**Exercise objective**
Beginning with the first line, return the material verbatim and without pictures.

━━━━━ Given information

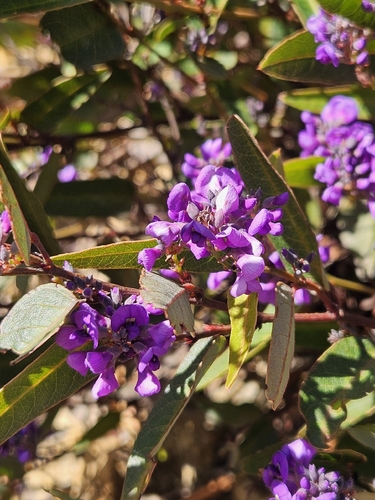 False Sarsaparilla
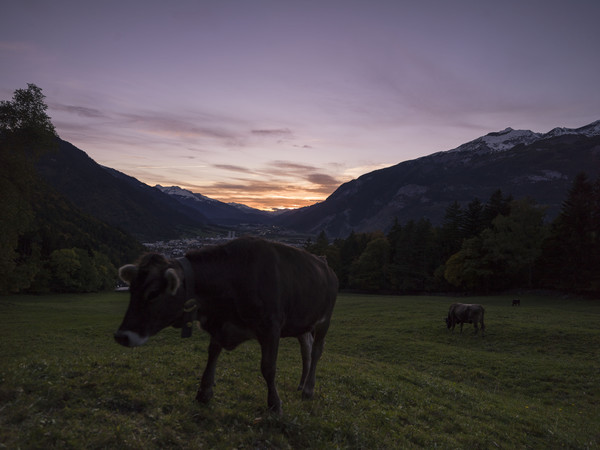 Abendstimmung beim Lürlibad oberhalb von Chur, Rheintal, Graubünden, Schweiz, Switzerland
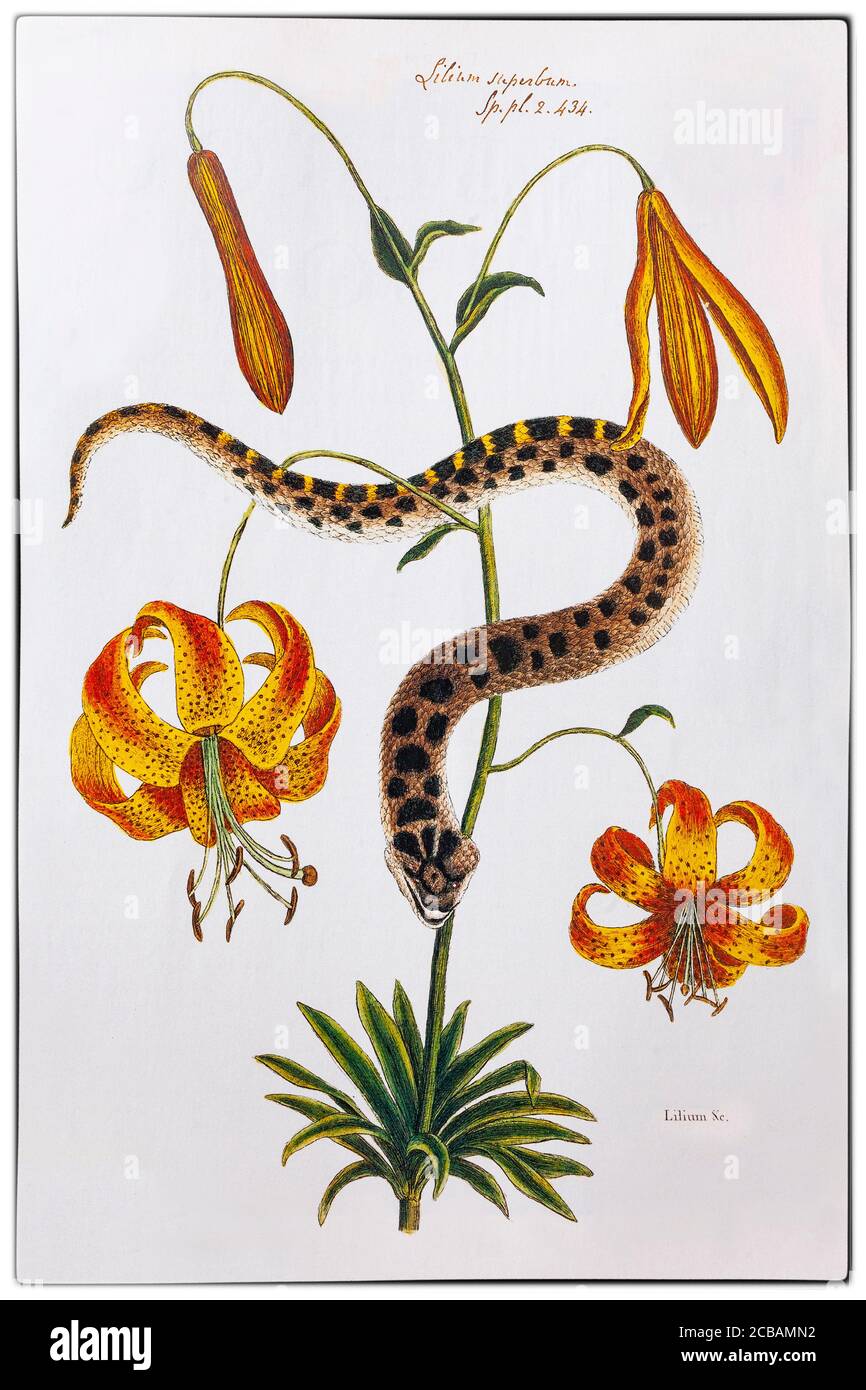 Lilium Superbum (American Tiger Lily) und Hog-Nose Snake, gemalt von William Bartram (1739-1823), einem amerikanischen Naturforscher, Sohn des Naturforschers John Bartram, der 1765 von König George III. Zum Royal Botanist für Nordamerika ernannt wurde. Stockfoto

━━━━━━━━━━

**Answer to the problem**
 False Sarsaparilla
 Abendstimmung beim Lürlibad oberhalb von Chur, Rheintal, Graubünden, Schweiz, Switzerland
 Lilium Superbum (American Tiger Lily) und Hog-Nose Snake, gemalt von William Bartram (1739-1823), einem amerikanischen Naturforscher, Sohn des Naturforschers John Bartram, der 1765 von König George III. Zum Royal Botanist für Nordamerika ernannt wurde. Stockfoto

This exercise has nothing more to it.